The bizarre reason Taylor Parker won’t get to choose a last meal on death row

She’ll be given the same food as the other prisoners

Posts are flooding the internet saying that Maternal Instinct’s Taylor Parker won’t get a last death row meal, but why? Here’s a full explanation.

The new Netflix true crime documentary tells the story of Taylor Parker, who murdered expecting mother Reagan Simmons-Hancock and stole her unborn baby from her abdomen in a chilling crime that rocked Texas.

She committed the heinous murder after tricking her friends, family and own partner, Wade Griffin, into thinking she was expecting a baby for 10 months. She went to extreme lengths, doing a whole gender reveal and pregnancy photoshoots.

The 33-year-old is now on death row at the Patrick O’Daniel Unit after being found guilty of capital murder and sentenced to death on 9th November 2022. The prison in Gatesville, Texas, only houses female prisoners.

She has been there for almost four years now, but it could be another decade before she is actually executed, to allow for the appeals process to take place. When she does face execution, she won’t get to choose a final meal.

Credit: Netflix

Why won’t Taylor Parker get a last death row meal?

Inmates on death row usually get to request a final meal to eat before they are given the death penalty, as a last act of compassion before they are killed. However, Taylor Parker won’t get this because she is on death row in Texas, and the state abolished this process after 87 years in 2011. That means no prisoner on death row in Texas will ever get a last meal.

The law change was implemented after a prisoner called Lawrence Russell Brewer asked for a huge meal and then didn’t eat any of it because he wasn’t hungry, The Guardian reported at the time.
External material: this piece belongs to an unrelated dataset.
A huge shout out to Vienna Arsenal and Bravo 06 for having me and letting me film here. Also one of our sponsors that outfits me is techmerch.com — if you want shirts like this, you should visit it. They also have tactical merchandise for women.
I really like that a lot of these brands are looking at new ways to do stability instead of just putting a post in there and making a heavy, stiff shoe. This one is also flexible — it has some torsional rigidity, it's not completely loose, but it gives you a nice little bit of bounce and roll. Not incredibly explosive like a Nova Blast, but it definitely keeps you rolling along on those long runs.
The white supremacist was executed for killing a man called James Byrd Jr in a 1998 race hate crime, and he ordered a huge final meal including two fried chicken steaks, a triple bacon cheeseburger, three fajitas, a meat pizza, a pint of ice cream and peanut butter fudge.

After he refused to eat any of the food, Democratic senator John Whitmire spoke out publicly against the tradition. He said: “Enough is enough. It is extremely inappropriate to give a person sentenced to death such a privilege. It’s a privilege which the perpetrator did not provide to their victim.”
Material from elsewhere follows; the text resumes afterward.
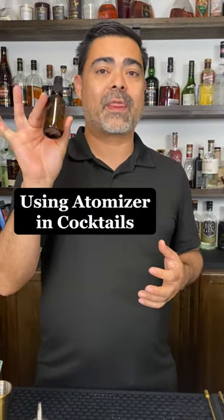A couple of tips for the atomizer. This is a really fun way to add a floral or a really aromatic element to a cocktail. Same thing with the martini — you would spritz vermouth right across the top of the cocktail, and that's going to be exactly what the consumer is going to smell right away.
The Texas Department of Criminal Justice heard his speech and just two hours later, they abolished the process of choosing a last meal on death row in Texas.

Brad Livingston, the executive director of the Texas Criminal Justice Department, said: “Effective immediately, no such accommodations will be made. They will receive the same meal served to other offenders on the unit. That had been Whitmire’s suggestion.”

In response, Whitmire replied: “It’s long overdue. This old boy last night, enough is enough. We’re fixing to execute the guy and maybe it makes the system feel good about what they’re fixing to do. Kind of hypocritical, you reckon? Mr Byrd didn’t get to choose his last meal. The whole deal is so illogical.”

Since then, no prisoner on death row in Texas has ever been offered a final death row meal, and it’s the only state that has completely abolished special meal requests.